Alexander Beck kommt als neuer CFO an Bord (Foto: Nfon)

Dafür kann Wesselmann zugleich die von Heider noch mitgetragene Verantwortung für die Finanzstrategie des Unternehmens an den Neuzugang Alexander Beck abgeben, der die Rolle des CFO übernimmt. Beck war bereits in mehreren leitenden Managementfunktionen tätig, zuletzt bei der Accell Group in der Fahrradindustrie. Von vorherigen Stationen seiner Karriere bei Nemetschek und MediaMarktSaturn kennt er aber auch die IT-Branche und ihren Handel und Vertrieb. Mit ihm erweitere man den Vorstand "um einen international erfahrenen Finanzmanager, der nachhaltiges Wachstum und Investitionsstärke langfristig sichern und vorantreiben wird", ist sich Koppitz sicher.

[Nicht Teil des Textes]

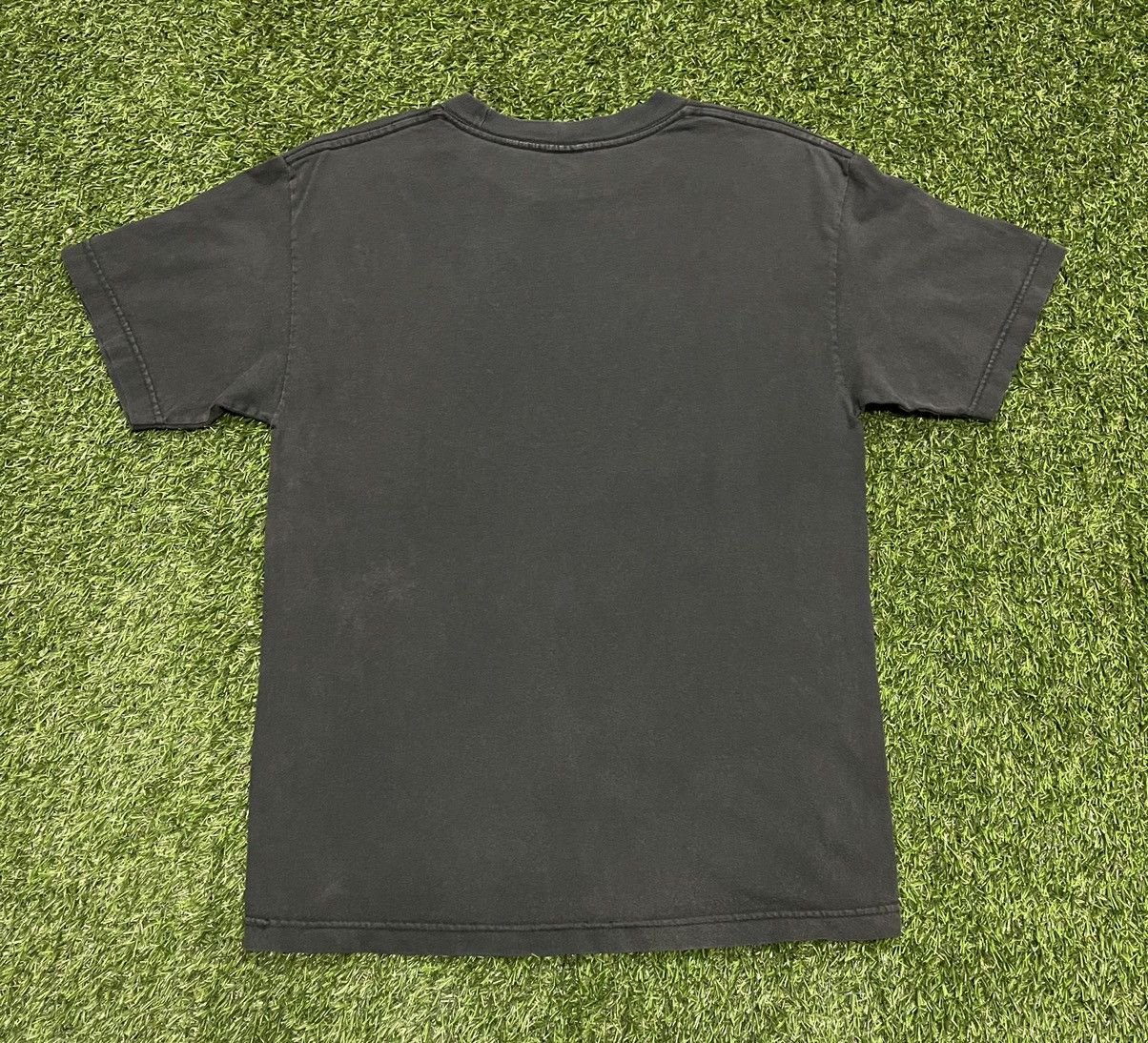 Band Tees × Vintage Vintage Y2K Arctic Monkeys Sun Faded Promo Tee Size US M / EU 48-50 / 2 - 7 Thumbnail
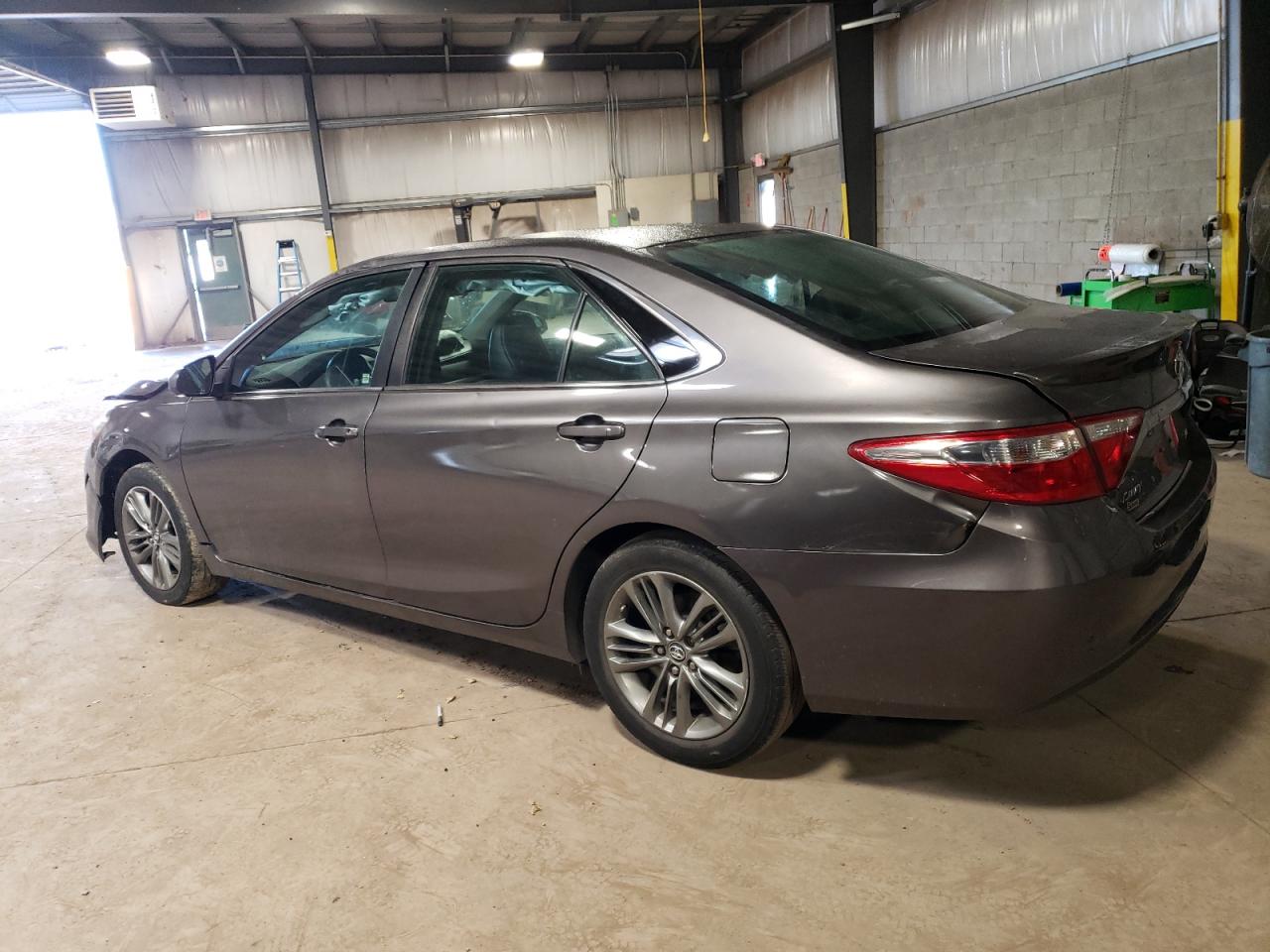 4T1BF1FK1HU336763 2017 TOYOTA CAMRY - Image 2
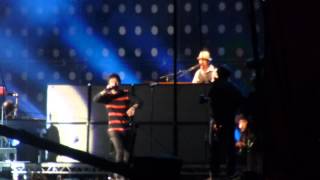 Green Day - Let Yourself Go (HD) - Reading 2013 - 23.08.13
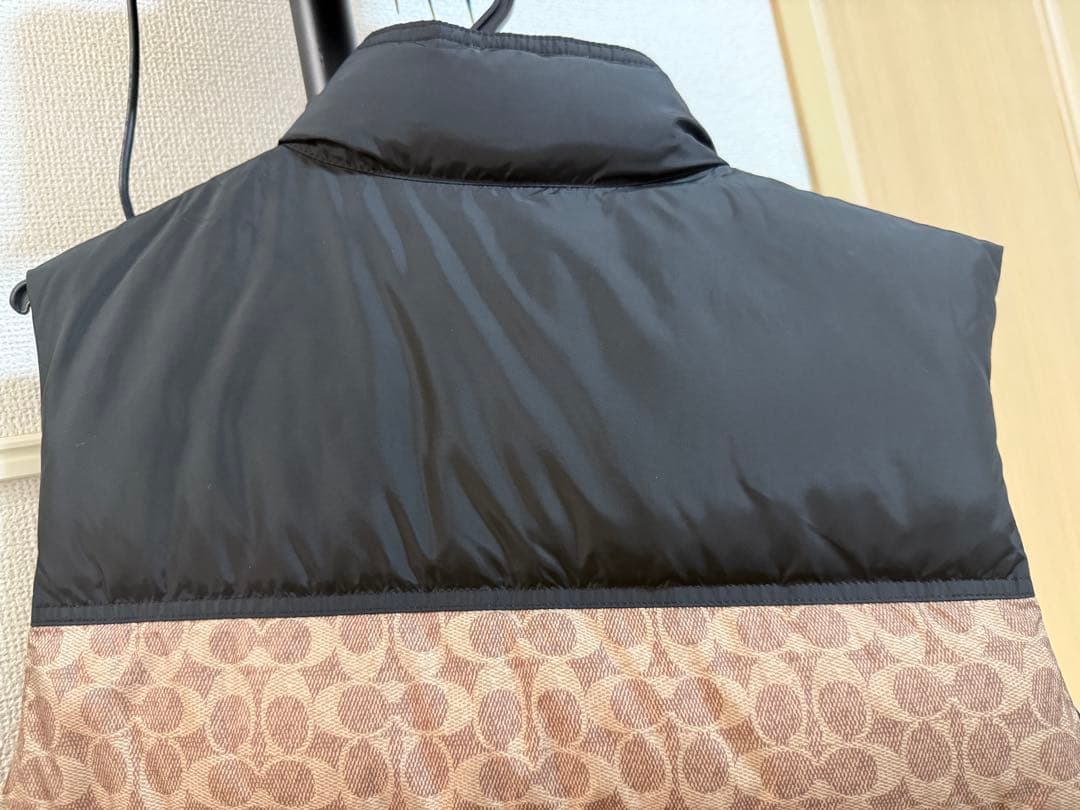 【最終値下】COACH ダウンベスト 黒/ベージュ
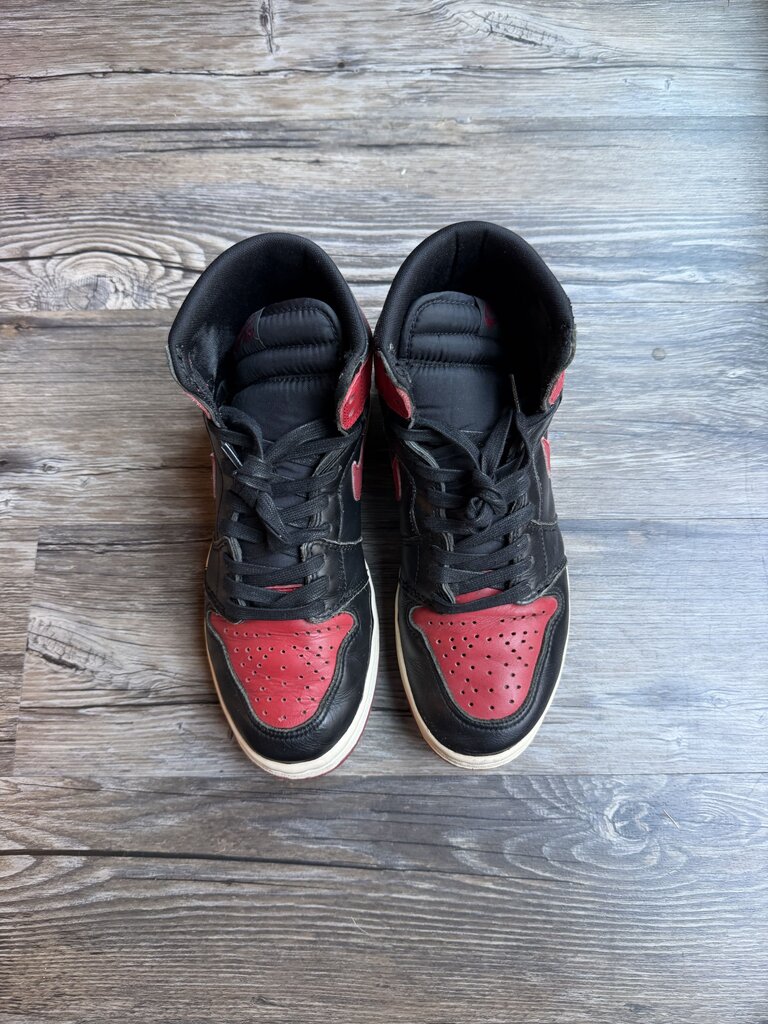 Preowned Jordan 1 1994 Bred size 8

Markus Krammer verschwindet leise von der Bildfläche

"Mit dieser Neuaufstellung schaffen wir die Grundlage für die nächste Wachstumsphase von NFON", deutet Koppitz den neuen turbulenten Umbruch beim Führungspersonal zum Signal für die Fortsetzung des von Heider initiierten Aufbruchs. Eine weitere Personalie fällt dabei allerdings unseren Recherchen zufolge hinten herunter und hinterlässt ein großes Fragezeichen. Denn wie mehrere Partner CRN übereinstimmend berichten, hat offenbar heimlich still und leise auch Markus Krammer, zuletzt offiziell als Vice President für New Business zuständig, Nfon nach über 10 Jahren verlassen. Zumindest wird er seit einigen Wochen auf den offiziellen Seiten nicht mehr genannt und ward auch auf Veranstaltungen nicht mehr gesehen, was Nfon gegenüber CRN nicht weiter kommentieren will. Auch wenn sich an Krammers Position laut seinem Linkedin-Profil nichts geändert hat, ist das denn doch eine etwas dürftige Erklärung für einen so augenscheinlich ungewöhnlichen Vorgang.